Drawdown: Play to Enter

Representing Climate Activism Through Gameplay


Architectural Activism Fellowship Project
University of Wisconsin-Milwaukee, Spring 2022




A table-board for shared activism. The game is afoot. This multi-sector table-board operates on multiple scales to facilitate one-on-play, partnerships, or large group strategies. Each square houses either a program (carbon emitter) or an operation (carbon absorber). Players juggle rates of emissions vs. rates of drawdown.

Making entanglements. Programs and operations are inextricably linked as players attempt to decelerate the speed of carbon emitted. The goal of the game is to prevent any program from reaching a point of no-return.

Gamenight at University of Milwaukee - School of Architecture and Urban Planning.
“Drawdown: Play to Enter” is a collaborative game designed to simulate the joys of negotiation and collective action required to work through climate strategy and resource management in the built environment. Disciplinary approaches to representing climate activism often focus on a fixed condition of intervention (before vs. after), whereas game design embodies the active qualities of negotiation, compromise, balance, and incremental progress that occurs in the in-between. By introducing the concept of interplay1 to architectural frameworks on the climate, game design expands the territory of architectural agency to model complex mechanisms of environmental stewardship that engage in scientific processes and stakeholder ecologies.

The project leverages the fundamental principles of games as a medium of agency.2 Using the large table game board as a representational tool for our shared domain, players in DRAWDOWN are tasked with the shared responsibility of mitigating carbon outputs through the introduction of drawdown technologies while maintaining critical public programs. The game revolves around specific agents and affordances: Operations, Programs, Emission Rate, Decarbonization Rate, and Resources.

  • Operations are a suite of decarbonization technologies/processes that decrease GHG emissions based on a set decarbonization rate.
  • Programs are a suite of public infrastructure and institutions that release CO2 at a set emissions rate.
  • Players are tasked to collaboratively build decarbonization solutions (Operations) on the board to mitigate the carbon emissions of critical public infrastructure (Programs).

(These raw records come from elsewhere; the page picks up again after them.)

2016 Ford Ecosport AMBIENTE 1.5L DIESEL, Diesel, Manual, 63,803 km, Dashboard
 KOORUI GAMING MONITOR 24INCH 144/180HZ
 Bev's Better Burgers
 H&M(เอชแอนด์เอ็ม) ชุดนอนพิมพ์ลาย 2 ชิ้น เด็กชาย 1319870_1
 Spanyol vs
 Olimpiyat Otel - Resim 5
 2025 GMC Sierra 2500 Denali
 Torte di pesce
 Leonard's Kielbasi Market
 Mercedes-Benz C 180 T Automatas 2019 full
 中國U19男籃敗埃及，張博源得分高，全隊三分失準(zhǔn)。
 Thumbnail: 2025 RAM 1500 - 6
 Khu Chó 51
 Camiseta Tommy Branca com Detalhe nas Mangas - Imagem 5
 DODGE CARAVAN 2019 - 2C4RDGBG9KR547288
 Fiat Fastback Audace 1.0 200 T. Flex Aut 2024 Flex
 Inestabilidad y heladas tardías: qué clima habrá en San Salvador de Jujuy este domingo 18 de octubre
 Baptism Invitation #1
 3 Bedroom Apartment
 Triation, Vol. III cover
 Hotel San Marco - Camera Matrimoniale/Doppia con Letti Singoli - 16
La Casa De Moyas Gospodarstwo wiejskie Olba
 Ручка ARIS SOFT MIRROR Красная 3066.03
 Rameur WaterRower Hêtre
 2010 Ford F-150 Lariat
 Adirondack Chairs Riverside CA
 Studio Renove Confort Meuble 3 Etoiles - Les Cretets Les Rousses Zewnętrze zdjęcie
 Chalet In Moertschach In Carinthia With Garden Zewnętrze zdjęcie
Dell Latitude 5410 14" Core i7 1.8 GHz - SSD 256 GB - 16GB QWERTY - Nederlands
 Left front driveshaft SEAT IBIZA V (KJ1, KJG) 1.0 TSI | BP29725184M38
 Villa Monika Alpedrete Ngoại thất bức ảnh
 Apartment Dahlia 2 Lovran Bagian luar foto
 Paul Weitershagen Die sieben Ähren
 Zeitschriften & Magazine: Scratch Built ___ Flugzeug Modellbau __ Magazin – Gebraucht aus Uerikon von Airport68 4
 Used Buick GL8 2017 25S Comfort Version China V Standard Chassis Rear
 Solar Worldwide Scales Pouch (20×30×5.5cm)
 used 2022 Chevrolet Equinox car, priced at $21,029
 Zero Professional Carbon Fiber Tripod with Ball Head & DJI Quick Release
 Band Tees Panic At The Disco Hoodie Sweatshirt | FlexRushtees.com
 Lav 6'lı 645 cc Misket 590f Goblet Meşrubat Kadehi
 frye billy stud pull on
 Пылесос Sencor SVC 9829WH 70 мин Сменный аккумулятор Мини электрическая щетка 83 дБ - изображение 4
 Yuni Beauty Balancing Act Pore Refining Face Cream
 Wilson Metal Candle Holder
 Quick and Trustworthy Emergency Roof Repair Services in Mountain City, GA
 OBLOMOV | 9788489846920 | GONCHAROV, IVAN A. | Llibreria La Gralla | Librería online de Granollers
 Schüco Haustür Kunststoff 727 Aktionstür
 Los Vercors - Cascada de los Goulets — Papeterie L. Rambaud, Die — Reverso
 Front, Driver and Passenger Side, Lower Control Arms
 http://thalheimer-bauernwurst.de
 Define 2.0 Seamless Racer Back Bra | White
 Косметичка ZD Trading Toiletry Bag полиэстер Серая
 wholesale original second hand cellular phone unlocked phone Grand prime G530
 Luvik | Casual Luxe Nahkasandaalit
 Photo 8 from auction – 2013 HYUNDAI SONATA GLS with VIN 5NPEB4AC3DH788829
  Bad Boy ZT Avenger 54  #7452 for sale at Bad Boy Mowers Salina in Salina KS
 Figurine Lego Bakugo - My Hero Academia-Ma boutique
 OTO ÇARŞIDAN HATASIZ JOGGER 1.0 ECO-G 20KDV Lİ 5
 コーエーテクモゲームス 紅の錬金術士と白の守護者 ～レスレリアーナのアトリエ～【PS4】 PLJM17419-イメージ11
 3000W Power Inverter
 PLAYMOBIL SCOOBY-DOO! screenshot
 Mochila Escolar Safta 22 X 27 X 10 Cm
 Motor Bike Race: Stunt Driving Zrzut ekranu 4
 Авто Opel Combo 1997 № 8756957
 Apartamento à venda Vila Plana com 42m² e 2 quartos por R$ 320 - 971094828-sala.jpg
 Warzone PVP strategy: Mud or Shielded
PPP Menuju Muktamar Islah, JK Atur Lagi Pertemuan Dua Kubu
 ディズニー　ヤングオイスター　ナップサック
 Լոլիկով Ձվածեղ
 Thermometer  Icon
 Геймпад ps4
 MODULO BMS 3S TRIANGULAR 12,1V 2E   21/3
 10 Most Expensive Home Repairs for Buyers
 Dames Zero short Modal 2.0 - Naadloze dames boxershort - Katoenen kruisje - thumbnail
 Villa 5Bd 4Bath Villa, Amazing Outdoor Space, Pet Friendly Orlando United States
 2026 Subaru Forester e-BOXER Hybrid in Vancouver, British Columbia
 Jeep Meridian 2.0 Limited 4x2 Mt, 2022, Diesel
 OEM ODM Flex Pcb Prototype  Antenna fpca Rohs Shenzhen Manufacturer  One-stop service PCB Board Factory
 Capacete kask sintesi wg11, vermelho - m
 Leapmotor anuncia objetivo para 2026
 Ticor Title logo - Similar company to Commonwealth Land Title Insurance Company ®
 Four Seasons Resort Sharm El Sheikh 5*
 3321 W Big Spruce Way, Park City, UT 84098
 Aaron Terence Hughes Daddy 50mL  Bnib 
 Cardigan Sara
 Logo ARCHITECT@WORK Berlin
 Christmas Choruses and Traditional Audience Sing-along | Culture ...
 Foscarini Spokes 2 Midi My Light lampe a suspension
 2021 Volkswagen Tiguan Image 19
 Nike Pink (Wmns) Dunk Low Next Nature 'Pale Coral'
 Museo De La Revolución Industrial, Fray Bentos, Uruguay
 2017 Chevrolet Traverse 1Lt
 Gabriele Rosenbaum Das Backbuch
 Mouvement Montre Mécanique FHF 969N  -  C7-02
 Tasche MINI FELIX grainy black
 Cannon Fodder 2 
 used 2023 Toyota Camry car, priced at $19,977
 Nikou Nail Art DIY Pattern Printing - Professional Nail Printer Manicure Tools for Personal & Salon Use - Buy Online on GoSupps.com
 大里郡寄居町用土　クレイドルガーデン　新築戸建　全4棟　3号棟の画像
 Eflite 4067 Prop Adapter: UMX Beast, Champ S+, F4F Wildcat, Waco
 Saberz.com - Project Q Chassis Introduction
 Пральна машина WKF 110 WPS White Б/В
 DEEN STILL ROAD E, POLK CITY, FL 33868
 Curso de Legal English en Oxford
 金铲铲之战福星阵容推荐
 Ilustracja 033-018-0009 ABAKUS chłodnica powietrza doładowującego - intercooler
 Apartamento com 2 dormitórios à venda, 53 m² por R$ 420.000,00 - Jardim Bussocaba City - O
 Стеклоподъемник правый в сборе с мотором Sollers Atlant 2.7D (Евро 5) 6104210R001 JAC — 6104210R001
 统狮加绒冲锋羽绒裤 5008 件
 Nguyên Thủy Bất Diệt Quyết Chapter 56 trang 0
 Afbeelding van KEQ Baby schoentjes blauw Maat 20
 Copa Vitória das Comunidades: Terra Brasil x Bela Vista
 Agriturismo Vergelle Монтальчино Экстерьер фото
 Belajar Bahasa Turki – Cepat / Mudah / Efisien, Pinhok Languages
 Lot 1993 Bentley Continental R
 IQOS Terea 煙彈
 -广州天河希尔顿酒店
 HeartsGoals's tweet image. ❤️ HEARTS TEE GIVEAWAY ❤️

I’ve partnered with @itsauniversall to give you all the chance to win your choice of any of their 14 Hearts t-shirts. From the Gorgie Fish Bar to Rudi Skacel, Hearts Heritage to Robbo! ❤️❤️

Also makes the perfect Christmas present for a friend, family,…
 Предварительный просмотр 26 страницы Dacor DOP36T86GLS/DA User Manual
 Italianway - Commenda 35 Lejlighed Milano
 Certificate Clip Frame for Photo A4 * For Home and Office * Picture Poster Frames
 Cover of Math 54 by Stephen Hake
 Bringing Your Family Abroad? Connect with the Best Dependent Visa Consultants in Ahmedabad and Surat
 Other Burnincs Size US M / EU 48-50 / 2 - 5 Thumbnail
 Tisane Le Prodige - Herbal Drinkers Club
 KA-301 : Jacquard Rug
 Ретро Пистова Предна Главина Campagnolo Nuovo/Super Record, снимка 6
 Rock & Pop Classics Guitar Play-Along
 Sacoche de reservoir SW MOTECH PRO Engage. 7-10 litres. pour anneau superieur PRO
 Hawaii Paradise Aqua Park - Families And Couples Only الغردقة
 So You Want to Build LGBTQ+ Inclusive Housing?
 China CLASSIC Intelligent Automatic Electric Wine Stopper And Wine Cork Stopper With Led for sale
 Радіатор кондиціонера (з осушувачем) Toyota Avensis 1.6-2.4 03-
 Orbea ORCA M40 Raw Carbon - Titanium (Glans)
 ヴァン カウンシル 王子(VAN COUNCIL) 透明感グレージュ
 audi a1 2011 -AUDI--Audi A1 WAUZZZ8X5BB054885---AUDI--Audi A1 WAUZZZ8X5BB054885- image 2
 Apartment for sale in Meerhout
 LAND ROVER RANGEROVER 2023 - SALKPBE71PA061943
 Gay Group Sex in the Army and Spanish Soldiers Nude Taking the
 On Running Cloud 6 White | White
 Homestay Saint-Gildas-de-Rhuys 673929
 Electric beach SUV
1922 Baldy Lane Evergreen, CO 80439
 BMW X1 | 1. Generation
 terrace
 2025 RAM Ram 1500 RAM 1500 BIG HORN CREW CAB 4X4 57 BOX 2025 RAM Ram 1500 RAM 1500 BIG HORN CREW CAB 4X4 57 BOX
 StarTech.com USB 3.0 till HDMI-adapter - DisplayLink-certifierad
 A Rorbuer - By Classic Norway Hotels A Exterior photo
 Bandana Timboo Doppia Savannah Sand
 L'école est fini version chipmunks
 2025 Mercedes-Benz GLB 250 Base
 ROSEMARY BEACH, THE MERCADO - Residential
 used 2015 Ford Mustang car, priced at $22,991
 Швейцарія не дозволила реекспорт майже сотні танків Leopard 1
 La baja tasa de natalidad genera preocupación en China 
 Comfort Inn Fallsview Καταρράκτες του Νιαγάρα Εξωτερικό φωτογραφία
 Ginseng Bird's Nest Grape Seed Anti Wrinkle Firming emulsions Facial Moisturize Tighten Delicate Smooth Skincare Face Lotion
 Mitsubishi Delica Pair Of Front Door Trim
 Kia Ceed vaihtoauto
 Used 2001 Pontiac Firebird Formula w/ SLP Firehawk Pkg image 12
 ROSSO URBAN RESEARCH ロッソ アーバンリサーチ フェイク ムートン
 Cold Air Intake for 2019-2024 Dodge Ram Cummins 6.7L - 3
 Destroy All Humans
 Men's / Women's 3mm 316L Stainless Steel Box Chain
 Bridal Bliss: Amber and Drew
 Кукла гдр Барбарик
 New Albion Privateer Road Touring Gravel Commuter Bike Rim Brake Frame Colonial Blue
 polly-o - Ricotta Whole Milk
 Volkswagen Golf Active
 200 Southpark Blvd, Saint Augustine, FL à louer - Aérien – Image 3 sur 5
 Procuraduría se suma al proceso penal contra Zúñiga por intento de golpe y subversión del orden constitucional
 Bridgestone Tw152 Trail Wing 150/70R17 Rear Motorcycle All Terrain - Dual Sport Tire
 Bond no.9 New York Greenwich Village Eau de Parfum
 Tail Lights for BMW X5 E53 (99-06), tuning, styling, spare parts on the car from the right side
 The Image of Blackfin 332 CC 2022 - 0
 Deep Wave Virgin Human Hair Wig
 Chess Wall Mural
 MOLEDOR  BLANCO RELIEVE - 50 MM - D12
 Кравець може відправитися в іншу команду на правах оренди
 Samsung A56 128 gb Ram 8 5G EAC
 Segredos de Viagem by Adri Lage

This orchestration and management of decelerating greenhouse gases is mediated through essential resources: CO2, H2O, food, and energy.

Research for the Operations database comes from Paul Hawken and Project Drawdown3 who have compiled the most effective solutions to lowering GHG emissions, the majority of which are rooted outside of architecture. These processes encourage architects to look beyond the discipline to unlock the design potentials of industrial, agricultural, energy, and carbon capture operations. The game design further asserts architectural agency in analyzing and representing these technical solutions based on their inputs and outputs while celebrating the formal and aesthetic eccentricities of each proposed solution as components of a near-future drawn-down city.

The DRAWDOWN game is an active form4 that represents the constant flux and continual work involved in moving towards decarbonization in our building stock. It addresses the equation that solutions require
resources, and that environmental stewardship relies on considering solutions at multiple scales, even when they come into direct conflict with one another. The game also acknowledges that climate activism from an architectural perspective requires deep engagement with science, technology, and extra-disciplinary research. Modeling the entanglement between public stewardship and infrastructural strategy, the game prioritizes banal and non-canonical architectural typologies as complicated pieces to solving the climate puzzle. Nonetheless, envisioning a sustainable world requires bold, joyful imagination that exceeds the pragmatism of science and policy. By working through games, architects can explore both the object and process aesthetics5 of designing for climate change. Players are encouraged to embrace a simultaneous sense of urgency and euphoria as they play together to cool the planet.

The project is executed in collaboration with Alana Dunne, Hytham Jaraba, Sarah Lunow, Nathan Magee, and Drew Running through the Support for Undergraduate Research Fellows (SURF) program, with generous support from the University of Wisconsin-Milwaukee School of Architecture and Urban Planning Fitzhugh Scott Fellowship.

1 Keller Easterling, Medium Design: Knowing How to Work on the World (London: Verso, 2021), 11.

2 C. Thi Nguyen, Games: Agency as Art, abstract (New York: Oxford University Press, 2020)

3 “Solutions,” Project Drawdown, accessed June 7, 2022, https://drawdown.org/solutions.

4 Keller Easterling, Medium Design: Knowing How to Work on the World, 39.

5 C. Thi. Nguyen, “Are We Measuring Our Lives in All the Wrong Ways?” February 25, 2022, in The Ezra Klein Show, produced by The New York Times, podcast, mp3 audio, 1:04:27.